The White House, having rejected most proposals for even a moderately tough wage-price restraint program, is now struggling to put together a low-key plan designed to help save face for the administration's foundering anti-inflation efforts.
Officials say the cabinet-level Economic Policy Group is beginning to consider proposals that, if nothing else, would set an overall "framework" for the administration's anti-inflation policy and lay down a genral code of conduct for various sectors of the economy.
The administration then would try to coax business and labor into working together voluntarily to develop specific proposals for eliminating existing practices and conditons that economists say are keeping prices from slowing further.
Officials say the relatively mild program would not involve formal controls, Kennedy-style guideposts, or - most likely - any form of numerical goals or standards. Instead, industries would be given informal lists of "suggestions" that they would be free to carry out or reject.
Authorities say the administration may seek to make use of some industry labor-management committees, similar to the one-being run on a national scale by John T. Dunlop, the former Secretary of Labor. But mostly, they stress, any decisions would be left to the industry involved.
Policymakers are hoping to unveil the proposal in time to include it in the President's late January economic message, but aren' sure they'll be able to make it. Although top officials agree some anti inflation effort is necessary, they still are split over how to go about it.
Meanwhile, the administration was criticized yesterday for its lack of any anti-inflation program by Arthur M. Okun, onetime economic adviser to President Johnson. Okun told reporters the White House was following "a pretty dangerous course" by skirting the issue.
The Democratic economic adviser said that from all indications, "they do not have an . . . anti-inflation policy" at the White House. "Prayer is the mechanism for dealing with inflation, as far as I can see," he said. "I see a lot of reasons to believe" that inflation may accelerate.

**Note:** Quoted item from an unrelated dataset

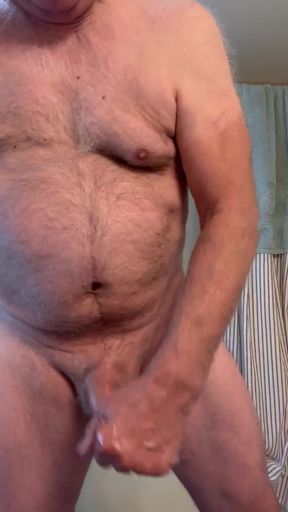 Handsome married Dad cumming and licking it up for the camera.  .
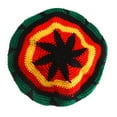thumbnail image 1 of Rasta Hat Beanie Reggae Rastafarian Jamaica Roots Tam Hat Rasta Beanie, 1 of 8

The proposal to make use of Dunlop-style labor-management committees is being pushed by Secretary of Labor F. Ray Marshall. However, the idea reportedly has received a luke-warm reception from some other members of the policy group.
The White House recently rejected a spate of suggestions on how to help slow inflation in the coming year, among them a proposal by Okun for a tax incentive system that would reward companies and unions which hold wage-price demands down. Officials dismissed it as too complex.
The only anti-inflation steps the administration has proposed to far have been provisions in the President's new tax package that would eliminate the 4 per cent excise tax on telephones and reduce the employers' share of unemployment insurance taxes.
However, while officials have been touting these as "anti-inflation" measures, White House economists concede the provision to remove the telephone tax would pare only 0.0019 per cent from the estimated 6 per cent inflation rate next year, and the employer tax measures 0.15 per cent.
Policymakers also have rejected proposals for a federally-financed reduction in state sales taxes, for grants to eliminate state's deficits in the unemployment insurance fund, and for elimination of other state taxes such as excise taxes on cigarettes and liquor.
Officials say the new program, if adopted, would have three basic objectives:
To set broad criteria for what "framework" for the administration's anti-inflation policy - both to provide general direction to government agenies and departments and to give presidential impetus to the entire wage-price effort.
To set broad criteria for what kind of wage-price increases policymakers would consider inflationary in various sectors of the economy - based on a description of general market conditions, and not on specific numerical guidelines.
To publish lists of suggestions for various steps that specific industries can take to help slow inflation in their sector of the economy.